All this will propagate to a full year of negative GDP growth each quarter.
Economists are predicting GDP to grow in Q3 and Q4, but that was as of last
week and every data point becomes stale every day.

Trump will be re-elected- not because he did anything remarkable during all
this, but because the naturally progression of the virus will make it SEEM
like he did it.

By 3 years, many more jobs will be outsourced. We think all this technology
will help a WFH culture, and it will... just in homes/offices in other
countries.

2 US airlines will go bankrupt and/or United and American will merge.

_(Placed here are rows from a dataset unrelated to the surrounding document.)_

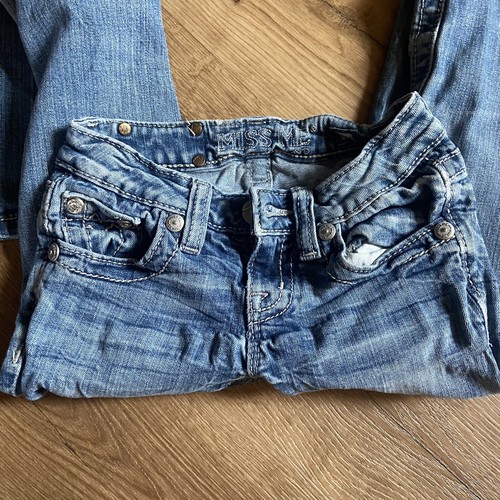 Miss Me Girls Size 7 Skinny Jeans Embroidered Rhinestone Pockets JK1074S Button - Picture 5 of 15
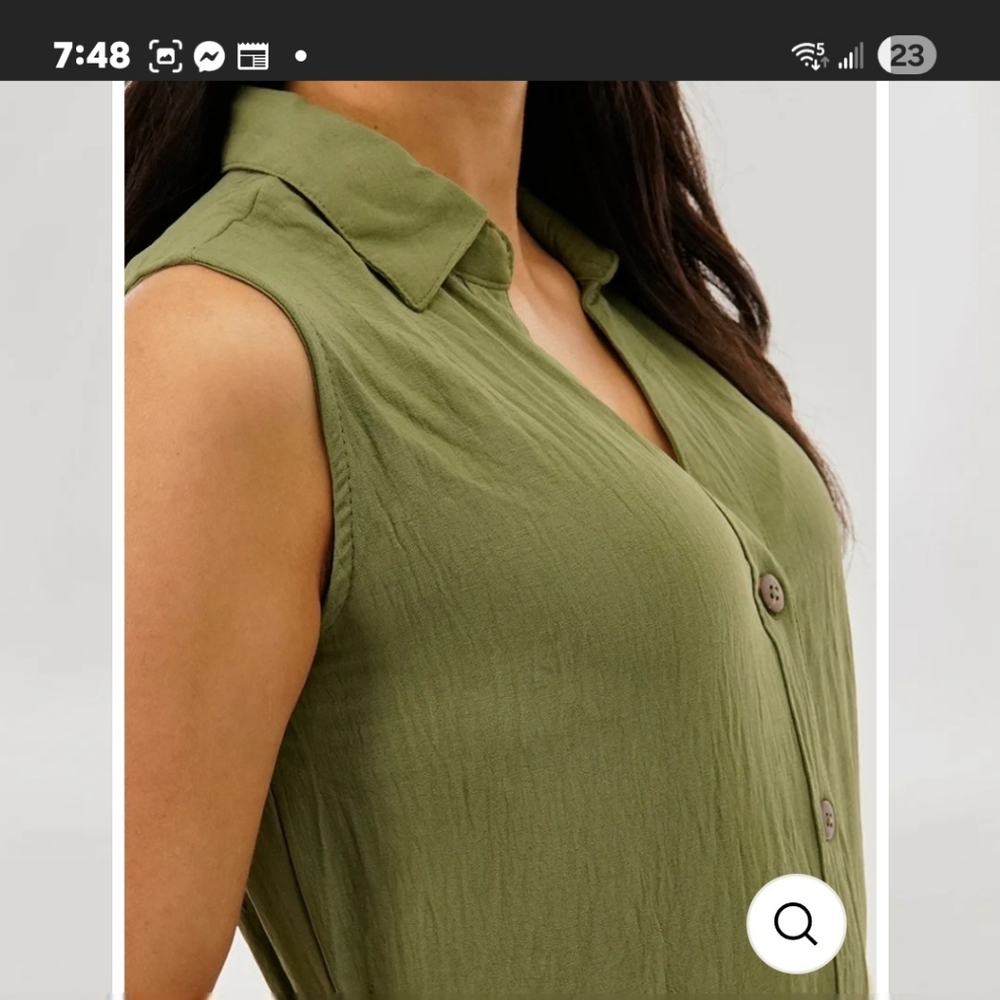 EXCHANGE Sleeveless Olive Green Button-Front dress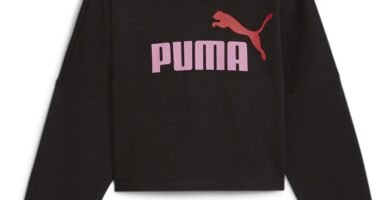 PUMA Girl’s Ess Logo Cropped Hoodie G Sweat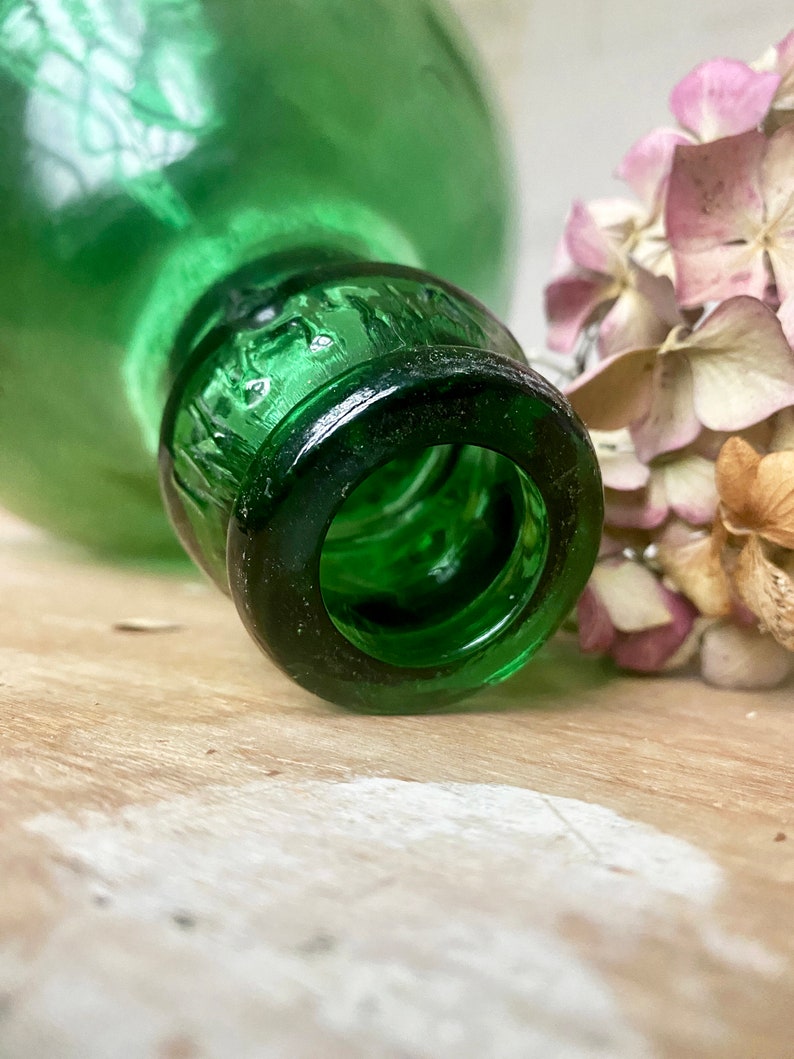 5 Litre Vintage Green Glass Demijohn /viresa Large Glass Wine Bottle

Schools will remain virtual after summer vacation of 2020.

Olympics will be canceled.

Longer term: Amazon will reach a $2T valuation by 2023. This won’t mean
necessarily that their business will double in output- asset price inflation
will be a big factor.

By 2030 rural fly over cities will develop enough infrastructure to displace
the largest cities today and we will see a big migration to new cities.